> **Records**:
^^^^^^^^^^^^^^^^
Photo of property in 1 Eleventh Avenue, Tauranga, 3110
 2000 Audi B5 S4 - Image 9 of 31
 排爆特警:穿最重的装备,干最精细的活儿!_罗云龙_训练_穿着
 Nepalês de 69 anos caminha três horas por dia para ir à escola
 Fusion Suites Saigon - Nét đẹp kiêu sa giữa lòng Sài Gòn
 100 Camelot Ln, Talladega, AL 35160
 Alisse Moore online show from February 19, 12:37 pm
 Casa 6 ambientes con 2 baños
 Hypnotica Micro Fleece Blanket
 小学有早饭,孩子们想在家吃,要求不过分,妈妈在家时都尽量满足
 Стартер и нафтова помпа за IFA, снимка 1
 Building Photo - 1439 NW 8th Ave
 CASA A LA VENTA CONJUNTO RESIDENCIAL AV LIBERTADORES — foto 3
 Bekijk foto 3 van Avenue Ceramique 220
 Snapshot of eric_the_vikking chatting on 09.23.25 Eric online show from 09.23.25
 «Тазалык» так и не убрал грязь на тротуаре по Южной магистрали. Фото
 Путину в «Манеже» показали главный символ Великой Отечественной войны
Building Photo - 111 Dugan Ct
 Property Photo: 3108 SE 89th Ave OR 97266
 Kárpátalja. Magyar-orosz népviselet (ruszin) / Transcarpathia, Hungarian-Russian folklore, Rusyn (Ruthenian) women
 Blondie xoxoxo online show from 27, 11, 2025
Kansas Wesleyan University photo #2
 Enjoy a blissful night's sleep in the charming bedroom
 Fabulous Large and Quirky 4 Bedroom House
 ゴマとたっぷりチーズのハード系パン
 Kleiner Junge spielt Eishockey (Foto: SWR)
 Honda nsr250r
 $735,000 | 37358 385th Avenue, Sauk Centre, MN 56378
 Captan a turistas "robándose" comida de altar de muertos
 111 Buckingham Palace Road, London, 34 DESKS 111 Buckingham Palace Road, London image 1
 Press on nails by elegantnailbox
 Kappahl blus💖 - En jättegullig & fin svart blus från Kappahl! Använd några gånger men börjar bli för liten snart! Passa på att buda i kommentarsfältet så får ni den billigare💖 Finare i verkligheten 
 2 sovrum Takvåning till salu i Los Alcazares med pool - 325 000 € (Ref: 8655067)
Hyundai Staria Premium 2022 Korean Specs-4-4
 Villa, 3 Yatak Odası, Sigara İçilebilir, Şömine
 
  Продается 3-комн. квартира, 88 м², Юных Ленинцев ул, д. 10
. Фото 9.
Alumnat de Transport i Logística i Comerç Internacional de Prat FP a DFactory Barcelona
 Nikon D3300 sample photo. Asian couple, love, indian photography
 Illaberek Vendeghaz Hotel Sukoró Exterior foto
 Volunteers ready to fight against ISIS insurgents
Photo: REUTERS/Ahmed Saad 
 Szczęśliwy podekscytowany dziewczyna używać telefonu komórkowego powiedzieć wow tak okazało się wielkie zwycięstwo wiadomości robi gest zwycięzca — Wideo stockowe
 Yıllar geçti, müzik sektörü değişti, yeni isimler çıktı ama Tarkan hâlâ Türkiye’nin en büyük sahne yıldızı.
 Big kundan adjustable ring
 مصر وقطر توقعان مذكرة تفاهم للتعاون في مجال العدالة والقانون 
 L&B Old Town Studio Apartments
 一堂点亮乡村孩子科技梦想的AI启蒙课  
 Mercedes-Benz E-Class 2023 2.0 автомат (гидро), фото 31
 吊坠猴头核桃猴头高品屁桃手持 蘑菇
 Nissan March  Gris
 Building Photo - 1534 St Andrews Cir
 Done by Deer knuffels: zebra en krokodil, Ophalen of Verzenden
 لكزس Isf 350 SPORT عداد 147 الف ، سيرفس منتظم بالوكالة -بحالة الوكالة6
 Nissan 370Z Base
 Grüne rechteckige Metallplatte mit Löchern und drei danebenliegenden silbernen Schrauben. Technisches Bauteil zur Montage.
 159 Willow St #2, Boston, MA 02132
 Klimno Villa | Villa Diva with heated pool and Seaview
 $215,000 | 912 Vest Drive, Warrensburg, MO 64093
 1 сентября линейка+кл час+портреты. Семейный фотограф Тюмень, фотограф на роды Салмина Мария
^^^^^^^^^^^^^^^^
Return the whole listing as it stands. Nothing may be altered.

> **Exercise output**:
Photo of property in 1 Eleventh Avenue, Tauranga, 3110
 2000 Audi B5 S4 - Image 9 of 31
 排爆特警:穿最重的装备,干最精细的活儿!_罗云龙_训练_穿着
 Nepalês de 69 anos caminha três horas por dia para ir à escola
 Fusion Suites Saigon - Nét đẹp kiêu sa giữa lòng Sài Gòn
 100 Camelot Ln, Talladega, AL 35160
 Alisse Moore online show from February 19, 12:37 pm
 Casa 6 ambientes con 2 baños
 Hypnotica Micro Fleece Blanket
 小学有早饭,孩子们想在家吃,要求不过分,妈妈在家时都尽量满足
 Стартер и нафтова помпа за IFA, снимка 1
 Building Photo - 1439 NW 8th Ave
 CASA A LA VENTA CONJUNTO RESIDENCIAL AV LIBERTADORES — foto 3
 Bekijk foto 3 van Avenue Ceramique 220
 Snapshot of eric_the_vikking chatting on 09.23.25 Eric online show from 09.23.25
 «Тазалык» так и не убрал грязь на тротуаре по Южной магистрали. Фото
 Путину в «Манеже» показали главный символ Великой Отечественной войны
Building Photo - 111 Dugan Ct
 Property Photo: 3108 SE 89th Ave OR 97266
 Kárpátalja. Magyar-orosz népviselet (ruszin) / Transcarpathia, Hungarian-Russian folklore, Rusyn (Ruthenian) women
 Blondie xoxoxo online show from 27, 11, 2025
Kansas Wesleyan University photo #2
 Enjoy a blissful night's sleep in the charming bedroom
 Fabulous Large and Quirky 4 Bedroom House
 ゴマとたっぷりチーズのハード系パン
 Kleiner Junge spielt Eishockey (Foto: SWR)
 Honda nsr250r
 $735,000 | 37358 385th Avenue, Sauk Centre, MN 56378
 Captan a turistas "robándose" comida de altar de muertos
 111 Buckingham Palace Road, London, 34 DESKS 111 Buckingham Palace Road, London image 1
 Press on nails by elegantnailbox
 Kappahl blus💖 - En jättegullig & fin svart blus från Kappahl! Använd några gånger men börjar bli för liten snart! Passa på att buda i kommentarsfältet så får ni den billigare💖 Finare i verkligheten 
 2 sovrum Takvåning till salu i Los Alcazares med pool - 325 000 € (Ref: 8655067)
Hyundai Staria Premium 2022 Korean Specs-4-4
 Villa, 3 Yatak Odası, Sigara İçilebilir, Şömine
 
  Продается 3-комн. квартира, 88 м², Юных Ленинцев ул, д. 10
. Фото 9.
Alumnat de Transport i Logística i Comerç Internacional de Prat FP a DFactory Barcelona
 Nikon D3300 sample photo. Asian couple, love, indian photography
 Illaberek Vendeghaz Hotel Sukoró Exterior foto
 Volunteers ready to fight against ISIS insurgents
Photo: REUTERS/Ahmed Saad 
 Szczęśliwy podekscytowany dziewczyna używać telefonu komórkowego powiedzieć wow tak okazało się wielkie zwycięstwo wiadomości robi gest zwycięzca — Wideo stockowe
 Yıllar geçti, müzik sektörü değişti, yeni isimler çıktı ama Tarkan hâlâ Türkiye’nin en büyük sahne yıldızı.
 Big kundan adjustable ring
 مصر وقطر توقعان مذكرة تفاهم للتعاون في مجال العدالة والقانون 
 L&B Old Town Studio Apartments
 一堂点亮乡村孩子科技梦想的AI启蒙课  
 Mercedes-Benz E-Class 2023 2.0 автомат (гидро), фото 31
 吊坠猴头核桃猴头高品屁桃手持 蘑菇
 Nissan March  Gris
 Building Photo - 1534 St Andrews Cir
 Done by Deer knuffels: zebra en krokodil, Ophalen of Verzenden
 لكزس Isf 350 SPORT عداد 147 الف ، سيرفس منتظم بالوكالة -بحالة الوكالة6
 Nissan 370Z Base
 Grüne rechteckige Metallplatte mit Löchern und drei danebenliegenden silbernen Schrauben. Technisches Bauteil zur Montage.
 159 Willow St #2, Boston, MA 02132
 Klimno Villa | Villa Diva with heated pool and Seaview
 $215,000 | 912 Vest Drive, Warrensburg, MO 64093
 1 сентября линейка+кл час+портреты. Семейный фотограф Тюмень, фотограф на роды Салмина Мария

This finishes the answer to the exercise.